My partner has been unwinding from her difficult days by taking me to Abbotstone in the evenings, now that the hours of daylight are longer. We had another quality walk tonight, with a cracking match of Dog's Bottom. Despite my partner taking an early 4-0 lead, I romped to a glittering but hard-won victory on the stretch back to the car.
I very nearly caught a rabbit. A really fat one too. I got SO close, but he was surprisingly agile for a chunky lad and I missed him by a whisker. Dammit. My squirrel is still there though - or at least bits of him are. I think my partner is still a bit annoyed with me for killing him. She sighs and says she supposes it is "just nature". But no. There is NOTHING natural about nature. It is easy for her; she doesn't spend most of her days alternately hiding from or being beaten up by a psychotic swan. Oh yes.

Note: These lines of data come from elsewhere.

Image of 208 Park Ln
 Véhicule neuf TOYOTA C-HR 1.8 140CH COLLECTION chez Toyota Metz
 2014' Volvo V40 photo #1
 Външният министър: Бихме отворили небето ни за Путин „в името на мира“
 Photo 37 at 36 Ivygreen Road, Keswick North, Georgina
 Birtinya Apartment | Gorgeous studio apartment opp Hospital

I alluded to this befeathered lump of pure malevolent evil in my blog entry for 4 February but felt, at the time, that mention of this river-bound nutter was a horror for which the world was not yet ready. But, having had the sh*t liberally kicked out of me yet AGAIN the other day, the time is ripe for exposure. In a cruel twist of irony, he lives on one of my favourite stretches of river - I walk there almost every day with Maisie. The wretch has been the bane of my life for over a year now. On a good day, he sits in the water; I stand on the bank and we yell foul abuse at each other. On a bad day (and there are plenty more of these, I can tell you) he launches a sudden assault on me in a flurry of foul swan-words and white feathers and I get a selection of colourful new injuries if I don't run or hide fast enough. I have, in the past, successfully hidden in bushes, under barbed wire, under a plank and behind a four year old child. All to the sound of Maisie's laughter. I, of course, am far too much of a gentleman to retaliate. The beaky s*d could learn much from me. To illustrate my point, here is what the public at large sees:
This is what I see:
Don't have nightmares. Although I might.